WORK ITEM | The answer must reproduce the listing exactly, with every picture left out.

INPUT DATA |
=== Begin Enclosure ===
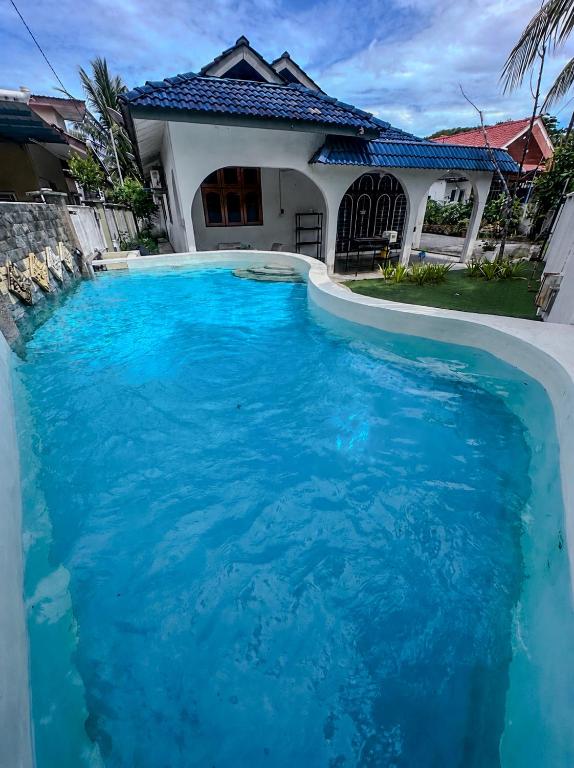 a large pool of blue water in front of a house at SM VILLA LANGKAWI full privacy home with pool in Kuah
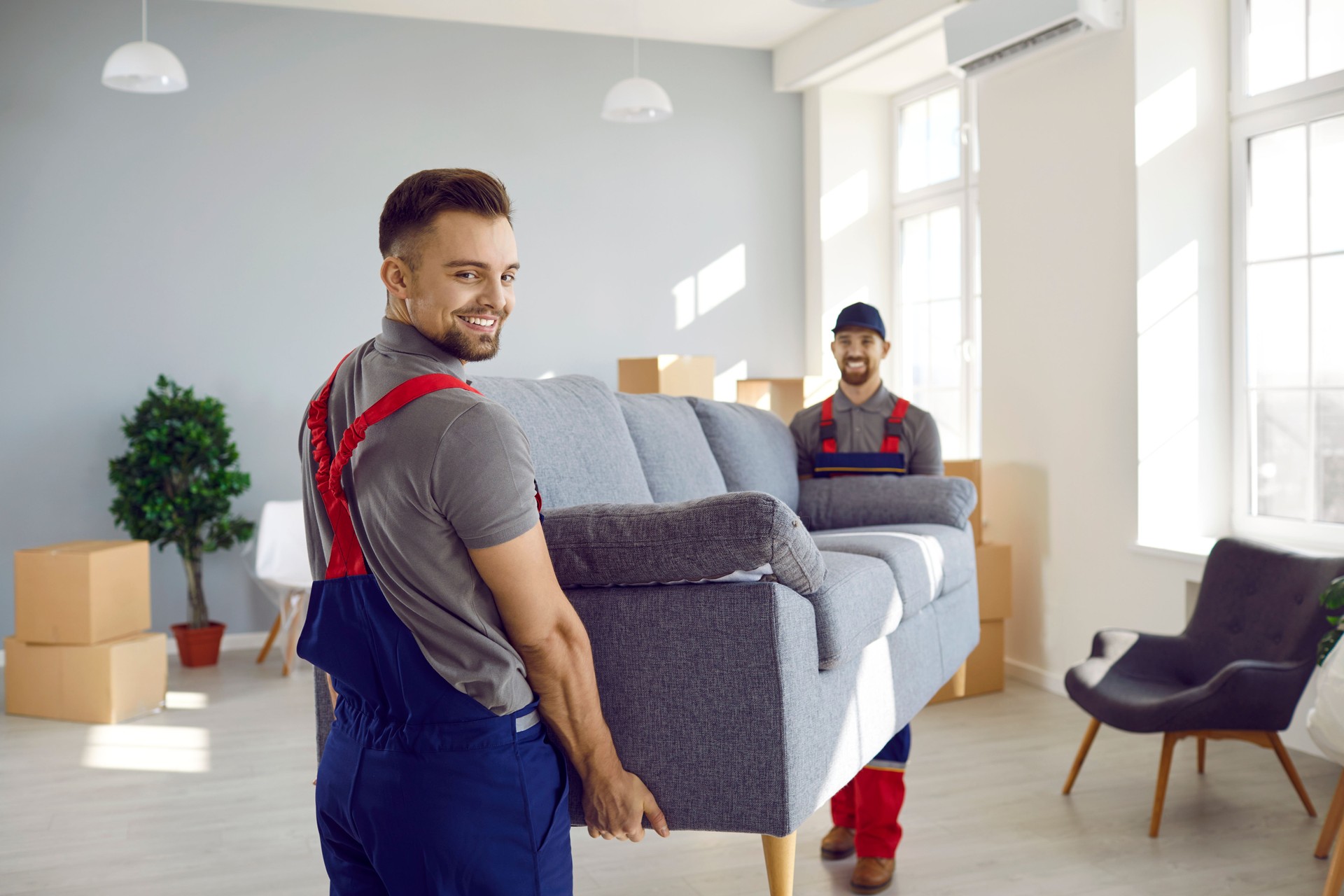 Male workers of furniture delivery service move sofa to customer's new apartment.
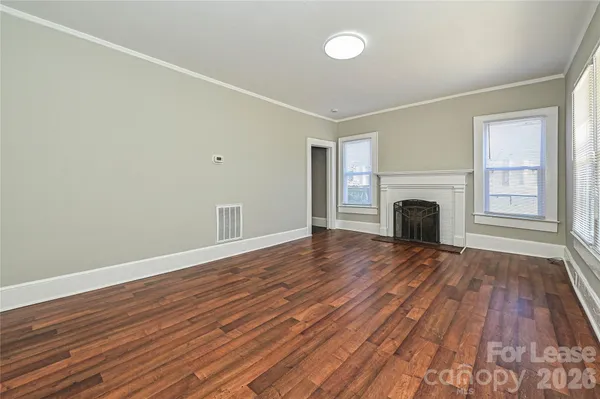 a view of empty room with wooden floor and fireplace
=== End Enclosure ===
OUTPUT FOR THIS EXERCISE |
 a large pool of blue water in front of a house at SM VILLA LANGKAWI full privacy home with pool in Kuah
 Male workers of furniture delivery service move sofa to customer's new apartment.
 a view of empty room with wooden floor and fireplace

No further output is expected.